# National Debt



## always_outdoors (Dec 17, 2002)

U.S. NATIONAL DEBT CLOCK 
The Outstanding Public Debt as of 11 Oct 2005 at 07:44:51 PM GMT is:

$7,989,106,000,122.10

The estimated population of the United States is 297,404,493
so each citizen's share of this debt is $26,862.76.

The National Debt has continued to increase an average of
$1.62 billion per day since September 30, 2004!

Just thought you all would like to know.


----------



## always_outdoors (Dec 17, 2002)

Interesting article

http://www.cedarcomm.com/~stevelm1/usdebt.htm


----------



## Plainsman (Jul 30, 2003)

Perhaps we need a second contract with America.


----------



## tail chaser (Sep 24, 2004)

Why? when the first contract with America hasn't worked? Should we do it again?

TC


----------



## Plainsman (Jul 30, 2003)

I think much of the economic success of the 90's, that some people would like to credit Clinton for , was due to the contract with America. The problem is it was only partially enacted. I would like to see the democrats and the republicans have a contract with America. If they were truthful (both sides) then we would see clearly what each party stands for.

I think the democrats have to mask their intent, because if they are honest about their agenda they don't stand a chance in the next presidential election. Watch Hillary pretend to be a "centrist". Many liberals call themselves "centrists", but I contend that the moment you hear them speak it they are attempting to deceive.


----------



## goldhunter470 (Feb 25, 2005)

> I think much of the economic success of the 90's, that some people would like to credit Clinton for , was due to the contract with America.

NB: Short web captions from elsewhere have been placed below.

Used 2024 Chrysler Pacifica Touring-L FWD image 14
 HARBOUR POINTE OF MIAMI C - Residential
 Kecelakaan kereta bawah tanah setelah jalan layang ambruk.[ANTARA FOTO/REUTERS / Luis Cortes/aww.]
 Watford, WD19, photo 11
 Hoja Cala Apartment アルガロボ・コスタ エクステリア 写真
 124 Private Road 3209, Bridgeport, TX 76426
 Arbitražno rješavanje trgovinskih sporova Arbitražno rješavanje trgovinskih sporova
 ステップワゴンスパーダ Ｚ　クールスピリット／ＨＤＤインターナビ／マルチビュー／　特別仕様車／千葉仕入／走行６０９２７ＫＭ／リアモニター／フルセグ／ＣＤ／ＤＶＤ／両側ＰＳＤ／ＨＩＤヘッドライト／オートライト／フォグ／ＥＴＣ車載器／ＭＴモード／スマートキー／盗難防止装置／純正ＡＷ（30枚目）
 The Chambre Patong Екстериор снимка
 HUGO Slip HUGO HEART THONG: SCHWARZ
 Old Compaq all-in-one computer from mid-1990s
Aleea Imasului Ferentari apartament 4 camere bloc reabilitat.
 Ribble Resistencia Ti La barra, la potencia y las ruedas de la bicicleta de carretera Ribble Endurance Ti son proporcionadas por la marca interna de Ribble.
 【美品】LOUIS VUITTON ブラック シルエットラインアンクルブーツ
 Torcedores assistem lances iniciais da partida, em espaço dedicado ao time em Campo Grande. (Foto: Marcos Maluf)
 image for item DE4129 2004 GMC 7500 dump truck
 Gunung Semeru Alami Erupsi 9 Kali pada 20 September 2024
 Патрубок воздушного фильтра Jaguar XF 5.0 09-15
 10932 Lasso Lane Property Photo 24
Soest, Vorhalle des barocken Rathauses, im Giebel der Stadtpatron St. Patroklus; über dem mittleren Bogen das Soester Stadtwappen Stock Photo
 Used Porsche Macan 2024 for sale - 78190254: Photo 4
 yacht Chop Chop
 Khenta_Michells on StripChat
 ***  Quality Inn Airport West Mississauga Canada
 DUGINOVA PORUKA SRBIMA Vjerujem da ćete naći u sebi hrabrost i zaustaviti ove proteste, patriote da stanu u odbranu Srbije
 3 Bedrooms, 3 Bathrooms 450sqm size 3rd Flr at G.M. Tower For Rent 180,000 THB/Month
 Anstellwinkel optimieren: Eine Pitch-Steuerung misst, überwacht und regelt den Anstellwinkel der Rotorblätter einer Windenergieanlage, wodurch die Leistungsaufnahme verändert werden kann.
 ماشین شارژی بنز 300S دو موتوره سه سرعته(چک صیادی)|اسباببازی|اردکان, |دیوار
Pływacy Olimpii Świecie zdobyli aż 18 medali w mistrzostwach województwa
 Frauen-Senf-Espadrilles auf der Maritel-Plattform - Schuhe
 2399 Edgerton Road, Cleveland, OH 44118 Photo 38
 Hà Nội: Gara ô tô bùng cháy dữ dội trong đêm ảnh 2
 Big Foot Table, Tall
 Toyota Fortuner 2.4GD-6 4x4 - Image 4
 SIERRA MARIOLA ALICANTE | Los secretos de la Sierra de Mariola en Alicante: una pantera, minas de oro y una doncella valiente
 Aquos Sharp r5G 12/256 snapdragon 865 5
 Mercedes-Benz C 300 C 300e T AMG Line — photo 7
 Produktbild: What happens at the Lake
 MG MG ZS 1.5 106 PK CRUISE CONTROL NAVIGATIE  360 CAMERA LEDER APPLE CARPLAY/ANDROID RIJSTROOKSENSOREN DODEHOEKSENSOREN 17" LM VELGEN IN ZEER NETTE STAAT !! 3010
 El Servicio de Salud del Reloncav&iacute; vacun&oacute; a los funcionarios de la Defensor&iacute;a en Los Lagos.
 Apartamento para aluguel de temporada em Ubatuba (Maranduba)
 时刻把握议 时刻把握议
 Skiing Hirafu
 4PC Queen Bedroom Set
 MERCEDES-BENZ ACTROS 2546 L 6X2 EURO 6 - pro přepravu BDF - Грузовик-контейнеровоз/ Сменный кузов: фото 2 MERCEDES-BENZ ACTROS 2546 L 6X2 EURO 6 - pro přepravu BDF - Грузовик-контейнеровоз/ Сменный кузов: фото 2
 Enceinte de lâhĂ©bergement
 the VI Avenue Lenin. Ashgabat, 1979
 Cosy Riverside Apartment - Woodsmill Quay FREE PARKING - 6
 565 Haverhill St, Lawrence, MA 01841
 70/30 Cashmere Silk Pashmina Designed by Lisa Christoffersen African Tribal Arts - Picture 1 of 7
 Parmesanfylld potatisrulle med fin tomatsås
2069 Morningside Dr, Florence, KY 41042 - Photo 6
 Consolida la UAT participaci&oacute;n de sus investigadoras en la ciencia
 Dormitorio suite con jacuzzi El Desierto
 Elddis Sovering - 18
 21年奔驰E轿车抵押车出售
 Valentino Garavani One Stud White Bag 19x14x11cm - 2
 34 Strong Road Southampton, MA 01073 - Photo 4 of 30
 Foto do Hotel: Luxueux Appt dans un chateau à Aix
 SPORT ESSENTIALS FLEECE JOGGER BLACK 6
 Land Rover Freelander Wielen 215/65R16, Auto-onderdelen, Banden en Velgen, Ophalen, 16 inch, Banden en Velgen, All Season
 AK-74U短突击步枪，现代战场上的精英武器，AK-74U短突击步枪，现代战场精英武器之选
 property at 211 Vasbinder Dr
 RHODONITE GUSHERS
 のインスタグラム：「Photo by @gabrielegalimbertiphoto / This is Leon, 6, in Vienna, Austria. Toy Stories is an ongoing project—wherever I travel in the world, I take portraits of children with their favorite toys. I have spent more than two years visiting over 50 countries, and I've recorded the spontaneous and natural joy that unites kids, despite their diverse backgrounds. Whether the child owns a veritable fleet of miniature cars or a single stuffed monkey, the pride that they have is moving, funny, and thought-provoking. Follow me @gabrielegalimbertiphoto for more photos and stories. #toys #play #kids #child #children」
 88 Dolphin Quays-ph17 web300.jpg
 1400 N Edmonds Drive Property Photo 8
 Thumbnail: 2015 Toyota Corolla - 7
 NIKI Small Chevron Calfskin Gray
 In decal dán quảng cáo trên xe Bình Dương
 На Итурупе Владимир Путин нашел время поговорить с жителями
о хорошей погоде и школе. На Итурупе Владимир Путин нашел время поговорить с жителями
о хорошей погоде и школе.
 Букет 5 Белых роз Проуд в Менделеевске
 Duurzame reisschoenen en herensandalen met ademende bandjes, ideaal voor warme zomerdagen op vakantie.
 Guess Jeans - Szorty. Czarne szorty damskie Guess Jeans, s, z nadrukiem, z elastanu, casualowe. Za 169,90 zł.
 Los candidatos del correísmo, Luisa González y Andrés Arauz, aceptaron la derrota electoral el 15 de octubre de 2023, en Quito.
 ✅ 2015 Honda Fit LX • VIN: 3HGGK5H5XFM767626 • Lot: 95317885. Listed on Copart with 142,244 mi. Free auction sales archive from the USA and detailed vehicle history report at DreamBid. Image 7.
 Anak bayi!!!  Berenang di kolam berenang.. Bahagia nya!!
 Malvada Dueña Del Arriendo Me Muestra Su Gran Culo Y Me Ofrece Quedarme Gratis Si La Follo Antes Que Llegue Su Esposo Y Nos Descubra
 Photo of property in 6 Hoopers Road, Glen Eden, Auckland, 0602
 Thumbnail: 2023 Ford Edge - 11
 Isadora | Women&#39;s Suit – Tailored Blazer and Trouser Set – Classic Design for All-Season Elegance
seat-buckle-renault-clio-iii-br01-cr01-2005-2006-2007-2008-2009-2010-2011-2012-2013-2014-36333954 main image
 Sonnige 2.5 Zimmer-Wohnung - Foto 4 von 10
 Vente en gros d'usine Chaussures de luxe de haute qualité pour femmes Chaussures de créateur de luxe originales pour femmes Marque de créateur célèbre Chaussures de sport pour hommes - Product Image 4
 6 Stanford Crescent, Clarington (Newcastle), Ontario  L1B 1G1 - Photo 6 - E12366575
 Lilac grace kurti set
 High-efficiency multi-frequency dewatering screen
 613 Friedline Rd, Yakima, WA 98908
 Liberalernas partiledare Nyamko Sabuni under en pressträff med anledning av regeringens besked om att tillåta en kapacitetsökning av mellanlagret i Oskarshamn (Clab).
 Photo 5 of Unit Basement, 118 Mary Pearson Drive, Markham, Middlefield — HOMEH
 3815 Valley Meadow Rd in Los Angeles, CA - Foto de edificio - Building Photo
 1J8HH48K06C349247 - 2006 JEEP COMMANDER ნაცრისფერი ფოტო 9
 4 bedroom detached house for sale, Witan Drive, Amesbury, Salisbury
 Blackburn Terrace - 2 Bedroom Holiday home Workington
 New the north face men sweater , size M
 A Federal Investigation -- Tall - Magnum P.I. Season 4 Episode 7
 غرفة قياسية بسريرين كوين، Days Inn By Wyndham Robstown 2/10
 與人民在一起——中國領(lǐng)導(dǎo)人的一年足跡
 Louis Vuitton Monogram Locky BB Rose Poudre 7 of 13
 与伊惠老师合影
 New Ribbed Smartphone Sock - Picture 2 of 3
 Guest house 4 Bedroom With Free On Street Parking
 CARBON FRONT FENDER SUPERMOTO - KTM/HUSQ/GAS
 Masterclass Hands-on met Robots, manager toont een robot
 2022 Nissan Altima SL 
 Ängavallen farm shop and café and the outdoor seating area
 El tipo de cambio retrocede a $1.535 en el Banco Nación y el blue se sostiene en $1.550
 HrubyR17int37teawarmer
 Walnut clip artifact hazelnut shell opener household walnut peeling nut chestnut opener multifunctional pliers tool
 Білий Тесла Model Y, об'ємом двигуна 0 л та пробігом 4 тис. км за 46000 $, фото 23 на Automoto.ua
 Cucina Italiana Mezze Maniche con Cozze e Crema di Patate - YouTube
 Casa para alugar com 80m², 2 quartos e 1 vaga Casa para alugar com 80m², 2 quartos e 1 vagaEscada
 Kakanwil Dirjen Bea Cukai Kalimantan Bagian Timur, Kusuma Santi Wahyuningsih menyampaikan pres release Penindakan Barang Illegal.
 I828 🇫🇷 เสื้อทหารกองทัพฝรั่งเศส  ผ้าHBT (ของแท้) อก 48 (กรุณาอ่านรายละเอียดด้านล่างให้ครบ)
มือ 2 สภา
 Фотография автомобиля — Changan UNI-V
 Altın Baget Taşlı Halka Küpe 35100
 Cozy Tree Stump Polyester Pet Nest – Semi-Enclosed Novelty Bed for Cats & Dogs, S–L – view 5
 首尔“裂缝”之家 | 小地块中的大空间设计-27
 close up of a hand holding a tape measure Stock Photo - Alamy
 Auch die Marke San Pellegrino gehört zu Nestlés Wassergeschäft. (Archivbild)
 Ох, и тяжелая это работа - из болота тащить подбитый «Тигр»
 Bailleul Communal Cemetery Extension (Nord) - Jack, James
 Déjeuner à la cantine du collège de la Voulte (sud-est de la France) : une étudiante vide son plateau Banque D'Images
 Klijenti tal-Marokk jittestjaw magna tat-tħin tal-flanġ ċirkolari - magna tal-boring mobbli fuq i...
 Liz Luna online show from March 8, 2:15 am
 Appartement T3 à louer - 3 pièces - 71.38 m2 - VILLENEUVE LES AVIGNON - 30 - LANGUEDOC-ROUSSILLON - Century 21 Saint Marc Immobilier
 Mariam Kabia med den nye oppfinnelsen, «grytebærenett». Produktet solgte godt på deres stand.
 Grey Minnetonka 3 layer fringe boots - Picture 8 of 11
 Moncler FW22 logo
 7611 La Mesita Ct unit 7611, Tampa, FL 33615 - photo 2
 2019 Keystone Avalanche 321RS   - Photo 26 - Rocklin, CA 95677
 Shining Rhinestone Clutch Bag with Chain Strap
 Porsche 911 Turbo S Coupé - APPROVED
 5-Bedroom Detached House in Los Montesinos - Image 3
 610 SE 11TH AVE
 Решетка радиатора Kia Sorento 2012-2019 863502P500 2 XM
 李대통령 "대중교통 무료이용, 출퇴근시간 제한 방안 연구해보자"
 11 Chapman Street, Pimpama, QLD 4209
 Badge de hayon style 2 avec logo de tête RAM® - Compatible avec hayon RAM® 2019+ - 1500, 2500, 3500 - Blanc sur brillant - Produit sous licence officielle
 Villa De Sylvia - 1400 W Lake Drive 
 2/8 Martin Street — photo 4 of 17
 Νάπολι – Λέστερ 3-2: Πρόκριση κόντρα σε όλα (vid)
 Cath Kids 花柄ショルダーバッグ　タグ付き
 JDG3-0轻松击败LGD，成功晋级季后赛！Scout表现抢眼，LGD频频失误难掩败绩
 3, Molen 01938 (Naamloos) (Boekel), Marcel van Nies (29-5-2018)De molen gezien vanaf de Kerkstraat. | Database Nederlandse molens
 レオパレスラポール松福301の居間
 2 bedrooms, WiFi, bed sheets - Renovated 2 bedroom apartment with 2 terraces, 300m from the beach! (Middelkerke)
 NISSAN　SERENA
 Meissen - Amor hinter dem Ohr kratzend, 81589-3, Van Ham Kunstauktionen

Does this also mean the mild recession can be blamed on the Contract with America? No. Neither political party cares for the people who make this country great as much as they care about their own power. Maybe one day the citizens of this country will wake up and turn their back on both parties and vote them all out. Then maybe we can actually all work together to move us forward. I understand we all have different views on individual issues but the prevailing attitude in Washington seems to be divide and conquer, all while distracting us from their abuses of power.


----------



## Plainsman (Jul 30, 2003)

Goldhunter470

The contract with America looked great, got out the gate, then run out of steam. It was never given a chance to reach it's potential. With that said I mostly agree with your assessment of Washington and most of the politicians, liberal or conservative.


----------



## goldhunter470 (Feb 25, 2005)

> The contract with America looked great, got out the gate, then run out of steam. It was never given a chance to reach it's potential.


Just like every other possibly positive thing in Washington.


----------



## Plainsman (Jul 30, 2003)

It died a slow death, beaten on daily by the liberals, and their allies in the media. The radical liberals attacked, and when the moderate liberals seen the weeker moderate republicans folding they joined the feeding frenzy. It's not about what is good for America, it is about what is good for the party. Sounds like something coming out of Russia or Kalifornia, but nope, good old USA.


----------



## northdakotakid (May 12, 2004)

Another important thing to consider is the trade gap...we are currently running a trade gap of $60 billion a year.....this has a huge effect on our debt and the overnight lending rate. If Other nations were to stop lending us short-term loans on their current currency holdings of US dollars, the mortgage rates that we currently have would increase a full 1.5% points overnight.

The trade deficit has been widely swept under the rug as of late, but the question is.......... from this deficit can our country and its people afford to accumulate 6% more debt a year???


----------